Conclusions of this chapter¶
It is important to realise that not all codes are created equal, even if they implement the same operation or algorithm. E.g., a code using matrix-matrix multiplication internally may itself implement one of our six variants, or it could be doing the right thing and use an optimised BLAS library. However, even then we still may be unlucky if that code only comes as a binary and would be using an older version of the BLAS library that does not yet contain a proper code path for the CPU you're using.
As we have seen, it is also important to not reinvent the wheel. It is very likely that there are already good libraries that you can use for time-consuming parts of your code, or maybe even a complete code for your problem that is much better than anything you can come up with in a short time. Writing a proper BLAS3 library is a Ph.D. thesis by itself...
The matrix multiplication illustration also clearly shows how important it is to pay attention to the memory access order and to exploit the memory hierarchy.
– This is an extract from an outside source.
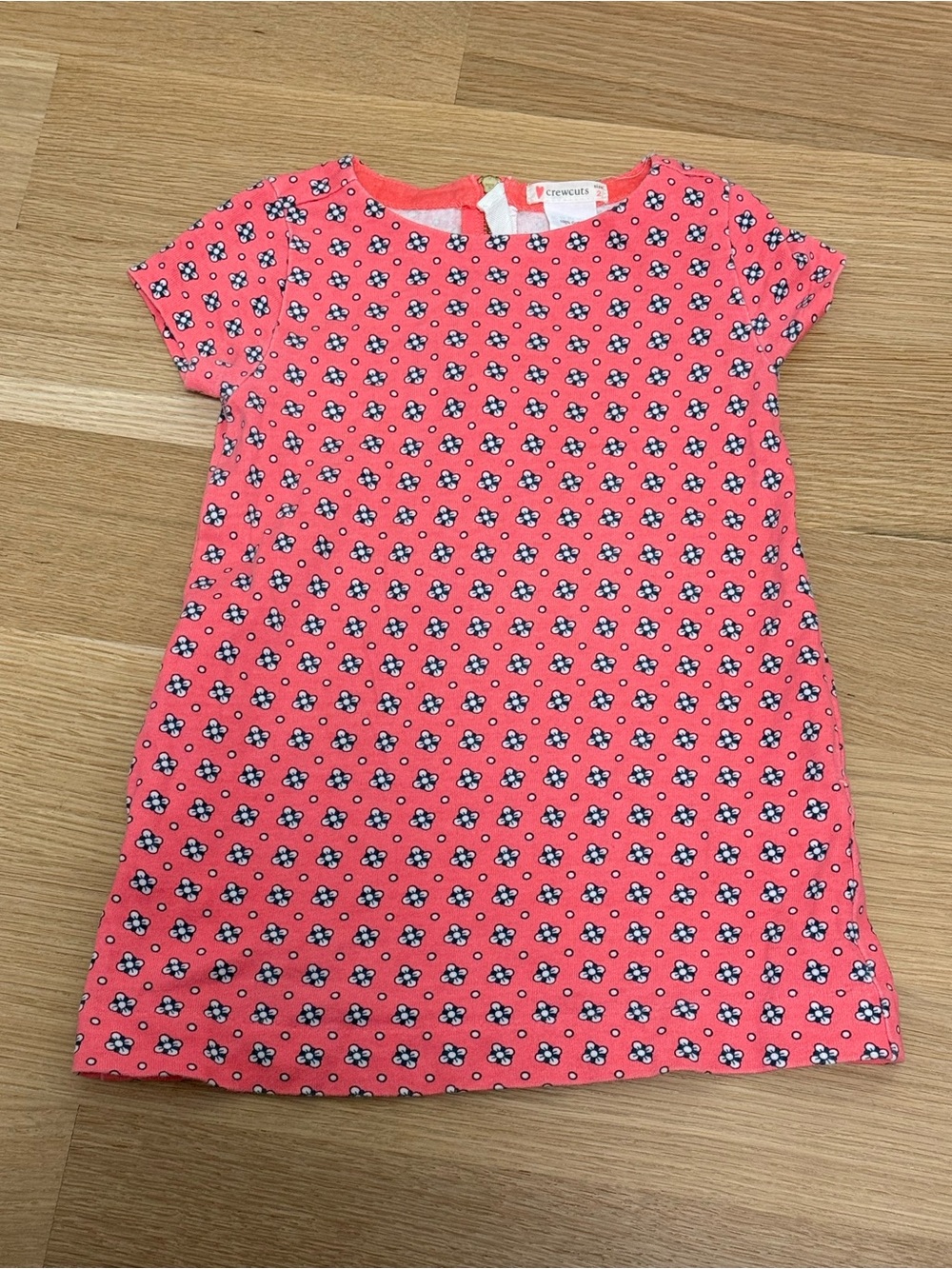 Crewcuts Pink Floral Short-Sleeve Girls Dress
The first was already illustrated in our six variants, but the optimised BLAS implementation also shows gain from really taking into account the cache hierarchy and optimise for the sizes of the caches using clever blocking inside the code.
With respect to speed-up and efficiency, the general rule is that for a fixed problem size, using more cores will lead to lower efficiency (though there are some rare exceptions due to cache effects), while for a fixed number of cores, bigger problems will lead to higher efficiency. Supercomputers are made to solve big problems.
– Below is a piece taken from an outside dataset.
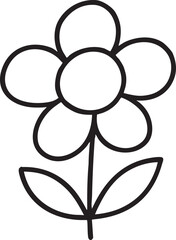 Simple Black and White Flower Outline with Five Petals and Two Leaves on a Stem basic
On a modern computer system, benchmarking has become very difficult as there are so many unexpected elements that can influence performance in sometimes unpredictable or unexpected ways. As a user you may have control over some of these factors (e.g., modern clusters sometimes allow users to set an upper limit for the clock speed), but there are also factors one has no control over as one cannot simply ask for exclusive access to a big supercomputer.